Il fut un moment avant de retrouver son souffle.

– Je m’appelle Marl, dit-il enfin, Félix Marl. Vous avez peut-être entendu parler de moi, et je pense que vous êtes, vous-même, le fils de Mr Beardmore ?

– Effectivement, dit Jack. Mais que faisiez-vous par ici ?

– On m’a dit qu’il était plus court de passer par les champs en venant de la gare, mais je vois qu’il n’en est rien, répondit Mr Marl d’une voix encore entrecoupée. Je viens voir votre père.

– Êtes-vous passé près de cet arbre ? demanda encore le jeune homme.

– Pourquoi cette question ? Je vous dis que je suis venu droit à travers champs.

À ce moment Mr Froyant rejoignit les deux interlocuteurs. Il reconnut le nouvel arrivant.

– Mr Marl ! s’écria-t-il. Dites-donc, Marl, n’avez-vous vu personne en passant près de cet arbre ?

Mr Marl secoua la tête. Sans doute l’arbre et son secret ne lui disaient rien.

– Je n’avais pas même remarqué qu’il y eût là un grand arbre, dit-il. Que voulez-vous dire ?

– Rien, cela n’a aucune importance, coupa Harvey Froyant.

Ils arrivèrent bientôt à la villa. Jack s’était chargé du sac du visiteur. Cet homme ne lui faisait pas bonne impression : sa voix était dure et ses manières trop familières. Le jeune Jack se demanda ce que son père pouvait bien avoir à faire avec cet individu.

Ils allaient franchir le seuil de la maison, lorsque, sans motif apparent, le gros et grand Marl poussa un cri et fit un saut en arrière… La peur s’était emparée de lui : cela se lisait sur toute la physionomie livide de cet homme qui tremblait de la tête aux pieds.

– Que diable se passe-t-il ? Qu’avez-vous ? s’écria Froyant avec nervosité.

Après l’émotion que lui avait causée la vue du cercle rouge, il était lui-même extrêmement agité et parvenait tout juste à garder son sang-froid.

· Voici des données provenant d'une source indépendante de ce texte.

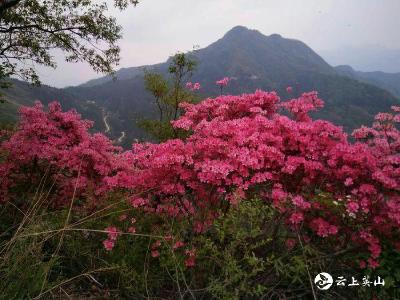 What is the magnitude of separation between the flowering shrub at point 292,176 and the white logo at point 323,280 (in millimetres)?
594

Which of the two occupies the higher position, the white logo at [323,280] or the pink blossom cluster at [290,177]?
the pink blossom cluster at [290,177]

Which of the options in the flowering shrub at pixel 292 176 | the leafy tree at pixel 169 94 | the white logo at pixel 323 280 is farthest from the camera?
the leafy tree at pixel 169 94

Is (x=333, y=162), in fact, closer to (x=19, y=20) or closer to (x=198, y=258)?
(x=198, y=258)

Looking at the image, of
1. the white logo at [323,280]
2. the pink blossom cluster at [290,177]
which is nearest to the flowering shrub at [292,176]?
the pink blossom cluster at [290,177]

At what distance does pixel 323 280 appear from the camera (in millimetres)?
5863

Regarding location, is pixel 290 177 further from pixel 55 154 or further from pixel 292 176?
pixel 55 154

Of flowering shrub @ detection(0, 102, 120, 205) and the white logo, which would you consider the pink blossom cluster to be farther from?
flowering shrub @ detection(0, 102, 120, 205)

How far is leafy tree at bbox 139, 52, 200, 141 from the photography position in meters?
21.9

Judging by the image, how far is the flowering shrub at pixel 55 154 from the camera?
8172mm

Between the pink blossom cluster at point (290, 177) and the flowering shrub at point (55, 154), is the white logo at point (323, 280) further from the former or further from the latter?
the flowering shrub at point (55, 154)

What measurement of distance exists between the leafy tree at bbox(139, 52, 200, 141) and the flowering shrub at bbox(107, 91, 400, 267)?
587 inches

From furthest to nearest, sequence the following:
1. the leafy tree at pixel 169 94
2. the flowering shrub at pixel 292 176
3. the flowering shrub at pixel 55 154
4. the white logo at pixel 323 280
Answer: the leafy tree at pixel 169 94
the flowering shrub at pixel 55 154
the white logo at pixel 323 280
the flowering shrub at pixel 292 176

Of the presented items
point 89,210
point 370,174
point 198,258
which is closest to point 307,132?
point 370,174

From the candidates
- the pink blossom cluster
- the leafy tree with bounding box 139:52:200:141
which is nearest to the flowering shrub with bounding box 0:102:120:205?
the pink blossom cluster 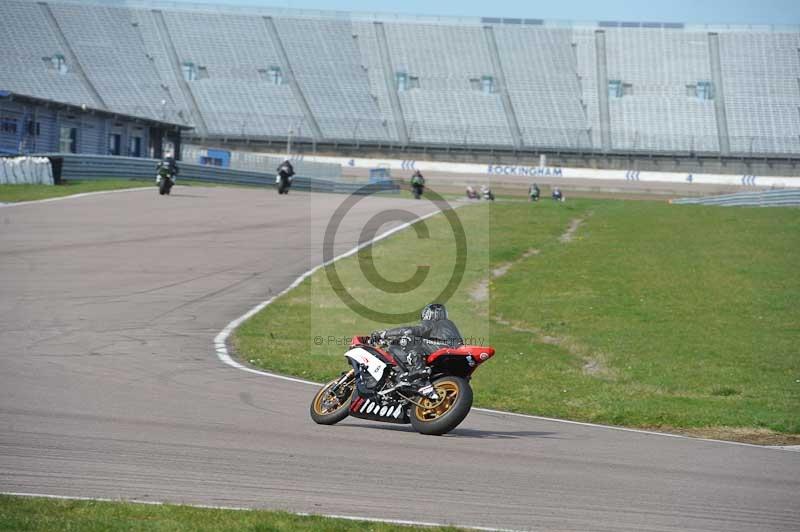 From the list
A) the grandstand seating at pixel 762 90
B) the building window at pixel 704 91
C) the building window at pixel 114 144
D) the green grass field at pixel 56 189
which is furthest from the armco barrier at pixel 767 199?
the building window at pixel 704 91

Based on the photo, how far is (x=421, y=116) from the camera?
251ft

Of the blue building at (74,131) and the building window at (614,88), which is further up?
the building window at (614,88)

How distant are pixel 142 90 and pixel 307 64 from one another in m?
13.1

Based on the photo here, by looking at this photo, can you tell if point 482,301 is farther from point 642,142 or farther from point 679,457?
point 642,142

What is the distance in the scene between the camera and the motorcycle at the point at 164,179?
3684cm

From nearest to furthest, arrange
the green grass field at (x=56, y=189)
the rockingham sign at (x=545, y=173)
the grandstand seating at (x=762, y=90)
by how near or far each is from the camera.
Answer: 1. the green grass field at (x=56, y=189)
2. the rockingham sign at (x=545, y=173)
3. the grandstand seating at (x=762, y=90)

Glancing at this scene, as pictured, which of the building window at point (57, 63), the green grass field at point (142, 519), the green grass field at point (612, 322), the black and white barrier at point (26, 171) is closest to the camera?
the green grass field at point (142, 519)

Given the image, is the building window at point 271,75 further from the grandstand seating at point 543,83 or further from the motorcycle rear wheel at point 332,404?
the motorcycle rear wheel at point 332,404

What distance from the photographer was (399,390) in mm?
9461

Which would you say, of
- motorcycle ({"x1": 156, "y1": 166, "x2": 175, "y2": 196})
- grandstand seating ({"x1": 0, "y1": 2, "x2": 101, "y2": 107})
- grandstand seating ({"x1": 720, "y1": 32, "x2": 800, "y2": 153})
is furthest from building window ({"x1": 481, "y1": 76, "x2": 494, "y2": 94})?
motorcycle ({"x1": 156, "y1": 166, "x2": 175, "y2": 196})

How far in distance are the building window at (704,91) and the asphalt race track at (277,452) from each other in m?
68.2

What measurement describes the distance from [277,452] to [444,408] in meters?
1.83

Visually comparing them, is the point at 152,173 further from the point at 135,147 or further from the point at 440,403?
the point at 440,403

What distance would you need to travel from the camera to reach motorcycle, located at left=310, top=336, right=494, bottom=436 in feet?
29.9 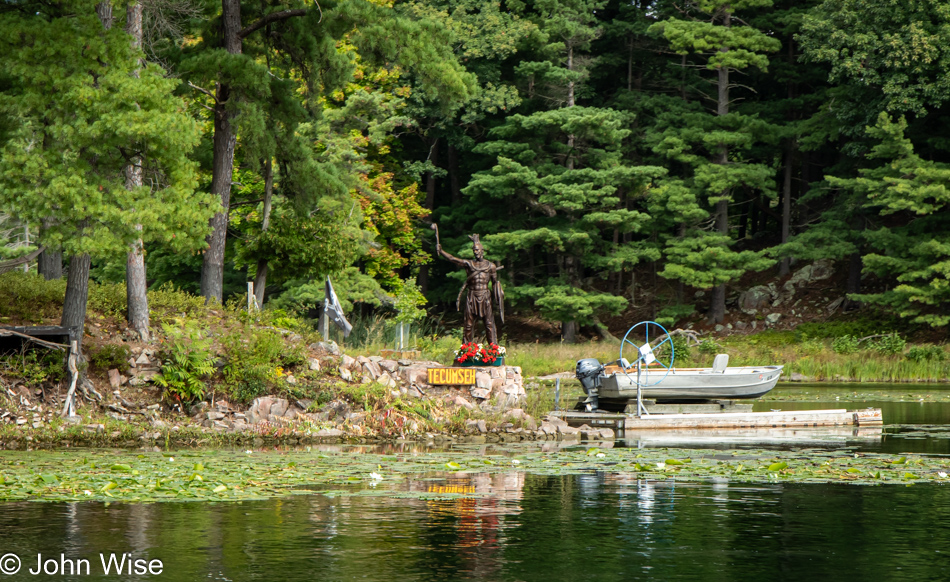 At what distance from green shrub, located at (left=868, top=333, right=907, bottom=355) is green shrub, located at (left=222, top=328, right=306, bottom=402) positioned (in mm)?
23992

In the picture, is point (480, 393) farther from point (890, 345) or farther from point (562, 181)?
point (562, 181)

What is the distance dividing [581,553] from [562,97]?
3782 centimetres

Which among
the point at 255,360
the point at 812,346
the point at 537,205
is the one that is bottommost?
the point at 255,360

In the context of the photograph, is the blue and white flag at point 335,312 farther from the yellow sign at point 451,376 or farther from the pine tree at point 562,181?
the pine tree at point 562,181

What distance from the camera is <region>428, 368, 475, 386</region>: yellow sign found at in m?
19.1

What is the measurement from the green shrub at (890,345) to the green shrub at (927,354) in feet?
1.20

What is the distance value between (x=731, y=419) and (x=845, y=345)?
17331 mm

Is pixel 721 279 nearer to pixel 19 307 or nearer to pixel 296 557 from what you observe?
pixel 19 307

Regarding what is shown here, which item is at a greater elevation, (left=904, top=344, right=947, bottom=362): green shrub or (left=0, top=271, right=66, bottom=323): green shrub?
(left=0, top=271, right=66, bottom=323): green shrub

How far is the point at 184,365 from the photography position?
1753 cm

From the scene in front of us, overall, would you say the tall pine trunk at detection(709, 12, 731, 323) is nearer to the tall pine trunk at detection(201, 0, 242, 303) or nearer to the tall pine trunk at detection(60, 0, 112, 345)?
the tall pine trunk at detection(201, 0, 242, 303)

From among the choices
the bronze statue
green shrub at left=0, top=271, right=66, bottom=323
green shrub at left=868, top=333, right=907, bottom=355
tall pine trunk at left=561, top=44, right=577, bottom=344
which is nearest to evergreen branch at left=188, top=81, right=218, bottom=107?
green shrub at left=0, top=271, right=66, bottom=323

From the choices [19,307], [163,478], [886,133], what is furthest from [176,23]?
[886,133]

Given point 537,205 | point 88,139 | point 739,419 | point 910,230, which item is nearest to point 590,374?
point 739,419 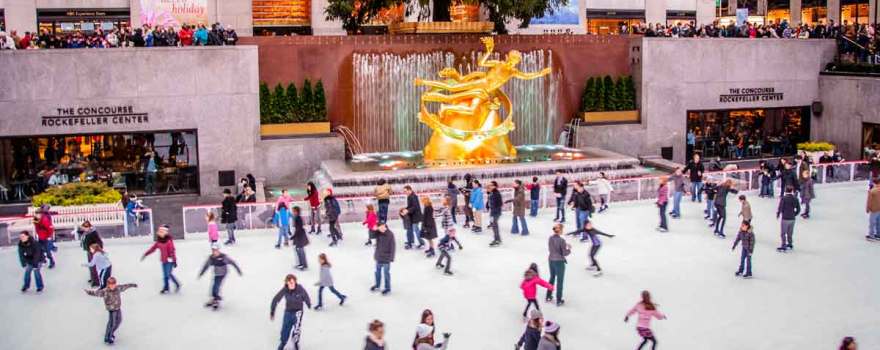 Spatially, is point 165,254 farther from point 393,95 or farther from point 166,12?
point 166,12

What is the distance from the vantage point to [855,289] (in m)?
14.6

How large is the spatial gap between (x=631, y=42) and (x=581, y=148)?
411 centimetres

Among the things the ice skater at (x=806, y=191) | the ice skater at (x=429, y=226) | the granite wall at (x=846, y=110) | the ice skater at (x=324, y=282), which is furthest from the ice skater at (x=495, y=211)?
the granite wall at (x=846, y=110)

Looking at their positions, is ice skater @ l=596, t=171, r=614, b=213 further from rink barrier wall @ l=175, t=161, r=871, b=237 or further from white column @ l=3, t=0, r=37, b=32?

– Rien… rien, ce n’est rien, balbutia Marl. Je suis… je suis un peu…

– Gris, je suppose, grogna Froyant.

Après avoir fait entrer les visiteurs, Jack Beardmore se mit à la recherche de Yale. Il découvrit le détective au jardin, étendu sur une chaise, les bras croisés, dans une attitude profondément méditative.

Yale leva les yeux en entendant les pas du jeune homme.

– Je ne sais pas, répondit-il à la question encore informulée que Jack avait sur les lèvres.

Puis, devant le regard interloqué du jeune homme, il se mit à rire.

– N’alliez-vous pas me demander la cause de la frayeur de Marl ?

– En effet… Mais vous êtes incroyable, Yale ! Avez-vous assisté à cet accès de terreur subite ?

– Oui, j’ai tout vu d’ici… Cet homme ne m’est pas inconnu, ajouta-t-il en fronçant du sourcil. Mais où l’ai-je déjà vu ? Qui est-il ? C’est ce que je ne sais… Vient-il souvent ici ? Votre père m’a dit qu’il attendait quelqu’un… Ce doit être cet homme-là.

– C’est la première fois que je le vois, répondit Jack. Mais je me rappelle maintenant que mon père et Froyant font des affaires avec un certain Marl… C’est, je crois, un spéculateur immobilier. Mon père s’intéresse à ces sortes d’affaires depuis quelque temps… Mais, autre chose, Yale ! Je viens de voir la marque du Cercle Rouge sur un arbre !

Il conta la chose en détail, et aussitôt le détective cessa de songer à Marl.

– Je suis parfaitement sûr que le cercle n’était pas sur le tronc lorsque je suis passé la première fois, conclut Jack. On a dû le dessiner pendant que je causais… avec un ami. L’arbre n’est pas en vue de la haie et quelqu’un a fort bien pu s’en approcher et s’en aller sans être vu. Qu’en pensez-vous, Yale ?

– Tout cela m’inquiète, dit le détective d’un ton bref.

Il se leva et se mit à arpenter l’allée du jardin… Après un instant d’attente, Jack le laissa à ses méditations.

Pendant ce temps, Mr Félix Marl se montrait tout à fait incapable de démontrer à Messrs Froyant et Beardmore l’excellence de la proposition qu’il était venu leur soumettre. Il s’agissait, comme l’avait dit Jack, d’achat et de vente de terres, mais Mr Marl n’apporta aucune clarté à l’exposition de l’affaire.

– Je puis à peine parler, Sirs, dit-il ; c’est une indisposition subite… Excusez-moi… J’ai eu une émotion ce matin…

– Qu’était-ce donc ?

– Je… je ne saurais dire… Je ne puis discuter notre affaire… Il… il faudra renvoyer à demain…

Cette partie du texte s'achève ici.